SAWT BEIRUT INTERNATIONAL

| 2 December 2022, Friday |

La relation du Hezbollah avec le CPL…Que se passera-t-il après la sortie d’Aoun de Baabda ?

Lorsque l’ancien président Michel Aoun revient de son exil parisien, les choses sont floues pour son mouvement politique, surtout lorsqu’il monte sur les podiums pour appeler au désarmement des armes illégales. Il est évident que l’arme illégale est l’arme du « Hezbollah », car c’est le seul parti qui possède un énorme arsenal qui comprend des armes intelligentes, des missiles, et les drones qui sont apparus récemment après qu’ils soient en cours de conception et de fabrication.

Bien sûr, il doit également inclure les armes palestiniennes en dehors des camps palestiniens, qui ne sont pas soumis à l’Autorité palestinienne dirigée par Mahmoud Abbas et sont répartis en plus d’un point, dont le plus important est affilié au Front populaire, qui se trouve dans l’orbite du « Hezbollah », selon des sources spéciales de « Sawt Beirut International ».
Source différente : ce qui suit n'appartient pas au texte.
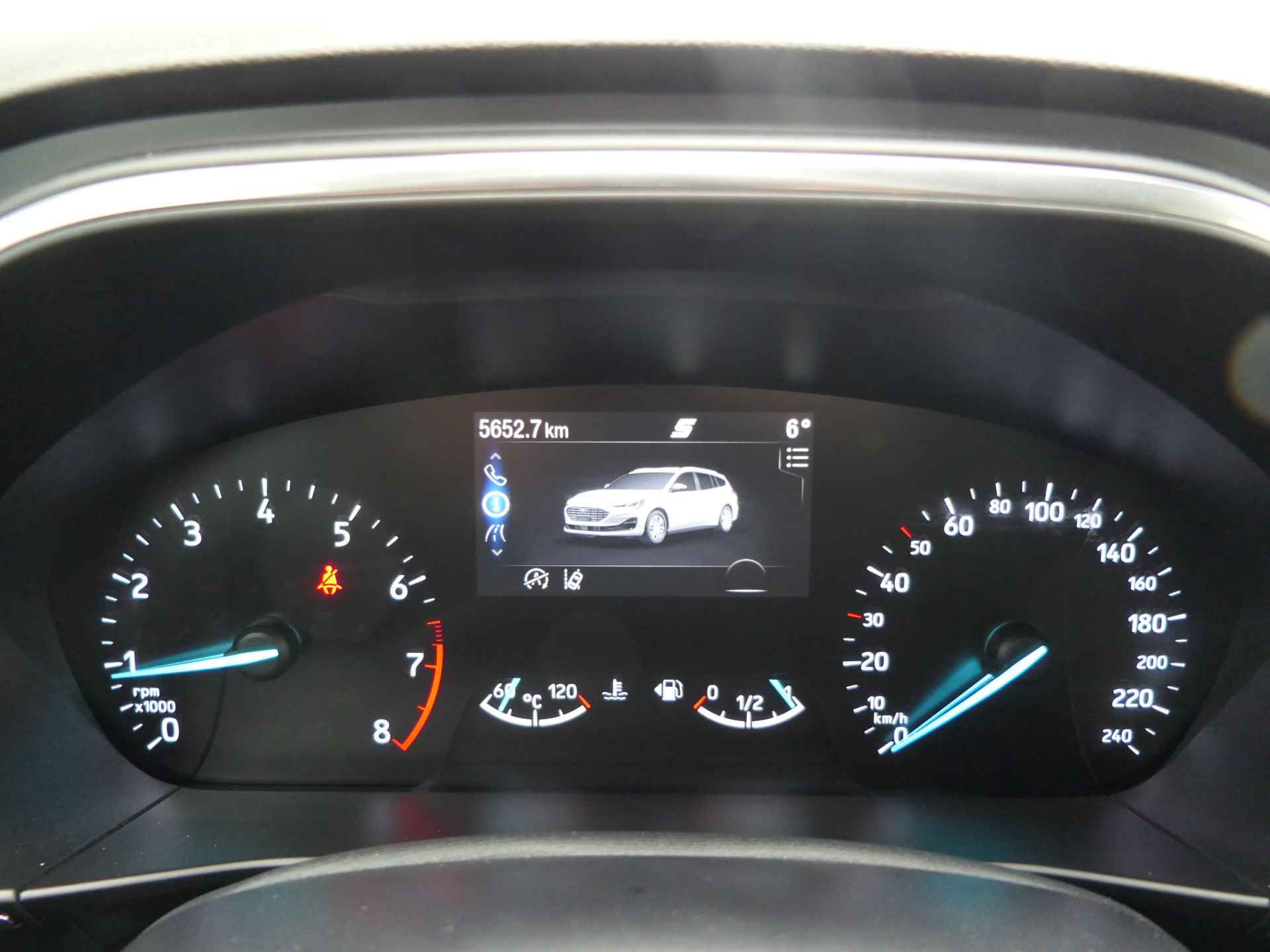 Ford Focus Wagon 1.0 EcoBoost Hybrid Titanium | Navigatie | Sync4 | Winterpack | Camera | LED | DAB | CarPlay/Android Auto | Voorruit Verwarming - 18/34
Avant le départ de l’avion d’Aoun de Paris, il était nécessaire de régler certains dossiers judiciaires encore en suspens, dont la plupart ont été résolus il y a quelques jours et d’autres il y a quelques heures. Le retour s’est fait après le martyre du Premier ministre Rafic Hariri en 2005, où le général faisait un discours de grande qualité sur la Place des Martyrs, promettant le changement et combattant l’argent politique. La phrase la plus marquante était la suivante : « Si je parle de manière sectaire, alors rejetez-moi ». La présence du général n’a pas été accueillie positivement par de nombreuses personnalités, notamment l’ancien député Walid Joumblatt, qui l’a qualifiée de « Tsunami ».

Il semble que « Abou Taymour » (Walid Joumblatt) ait pressenti très tôt les résultats du retour du général, et qu’ils aient commencé à apparaître le jour où il s’est détourné de ses slogans les plus marquants en signant avec le secrétaire général du « Hezbollah » l’accord de Mar Mikhael, même s’il a été frappé et entravé par quelques obstacles liés aux postes, aux ministères et à l’hétérogénéité chimique avec le « Mouvement Amal », le jumeau du Hezbollah dont le feu s’est éteint, bien qu’il soit resté sous la cendre, le ministre Bassil s’est chargé de le rallumer de temps en temps sous le slogan de la préservation des droits des chrétiens. Cependant, tout le monde sait très bien que les questions sont liées aux dossiers de nomination, c’est-à-dire au niveau du ministère de l’énergie, du ministère des affaires étrangères et d’autres dossiers.

Aujourd’hui, avec le départ de Aoun du palais de Baabda, le « courant » ne dispose plus des gains de pouvoir qu’il peut dépenser en faveur du « Hezbollah », mais cela ne signifie pas l’effondrement de l’alliance entre eux car le besoin est mutuel, avec l’absence de la possibilité pour les deux équipes d’établir une alliance alternative avec d’autres partis, qui leurs titres sont devenus clairs, menés par la clause « Désarmer le Hezbollah ». Cette tendance a été renforcée par l’accord de démarcation de la frontière maritime, qui a été considéré comme un accord passé par le Hezbollah pour les intérêts de l’Iran, et l’ancien président Michel Aoun a contribué en tant que témoin de l’accord en le signant, après qu’il se soit abstenu de signer le décret prouvant le droit du Liban à la ligne 29, qui a été remplacé par la ligne 23, et sur la base de ce que l’accord comprenait en termes de conditions, de nombreux analystes ont découvert la raison d’envisager la ligne 23.

La source conclut en assurant que bien que l’alliance entre le courant et le parti existe toujours, elle était évidente à travers l’accompagnement par le parti du départ d’Aoun de Baabda, en termes de personnes et de morale, mais la marge de mouvement du ministre Bassil est devenue étroite. Et les tentatives de Bassil de menacer de rompre l’entente, de la modifier et de la développer et de sortir le papier de stratégie défensive n’ont plus leurs effets, comme par le passé. Par conséquent, Bassil essaiera de diminuer ses exigences pour s’assurer de continuer dans la vie politique, surtout après que de nombreux faucons (personnalités importantes) du courant ont été exclus de son bateau.